That said, I've used local persistence libraries plenty, usually as a persistent local cache, and/or as a tool to enforce a schema which allows for data migration between constantly updating versions of software.

ctide · on May 23, 2013

When I was at Singly working on the locker project, this was actually the absolute perfect solution to how we wanted to store data (it just wasn't available then.) We wanted to store all the raw JSON that was coming down the pipe from various sources (Facebook, Twitter, etc.) and wanted it all to be queryable. Also, since each user's data was completely isolated, having a tiny embeddable solution made a lot more sense vs. firing up a MongoDB or something similar for every user.

wmf · on May 22, 2013

There are two different camps within NoSQL; some people are webscale and some people want NoSchema. This looks like it's aimed at the latter category.

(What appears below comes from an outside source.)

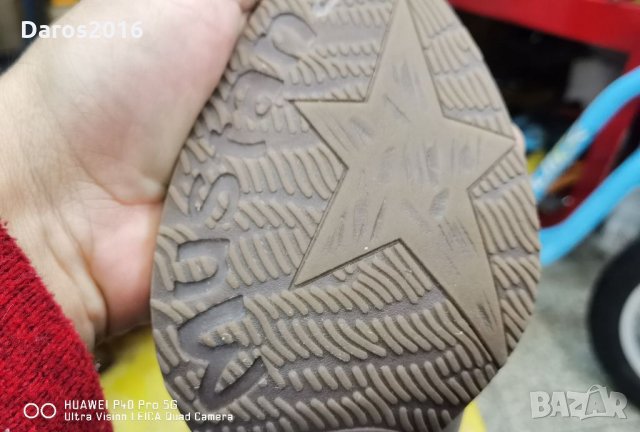 Страхотни дамски кожени боти Mustang 37 номер , снимка 11 - Дамски боти - 34527343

tracker1 · on May 22, 2013

I'd have to agree with you here... I mean, there are lots of interfaces for reading/writing json, and simply outputting a JSON as a UTF-8 .json.gz file seems more appropriate... especially if your data can fit into memory.

I would be more inclined to simply have my object structure in memory, using a more convenient high-level language, and do a load/dump from .json.gz files as needed. It's fast enough, and worst case scenario, I can backup/extract and read/write in any number of programming languages.

If you need multiple records, that may be easier, having an index, and using line delimited flat json structures can work as well... (breaking on \n)

This really seems like an also ran, where you could have abstracted out an SQLite db with a single table of (key VARCHAR(100) PRIMARY KEY, value VARCHAR(4000)) or something similar.

shuzchen · on May 22, 2013

Following the thread of building upon sqlite, Yelp (along with the fabulous mrjob library) also open-sourced sqlite3dbm (http://pythonhosted.org/sqlite3dbm/), which is a document store on top of sqlite. Python only (meant to give random-access data to your EMR jobs running with mrjob), but the same approach could be applied to any other language.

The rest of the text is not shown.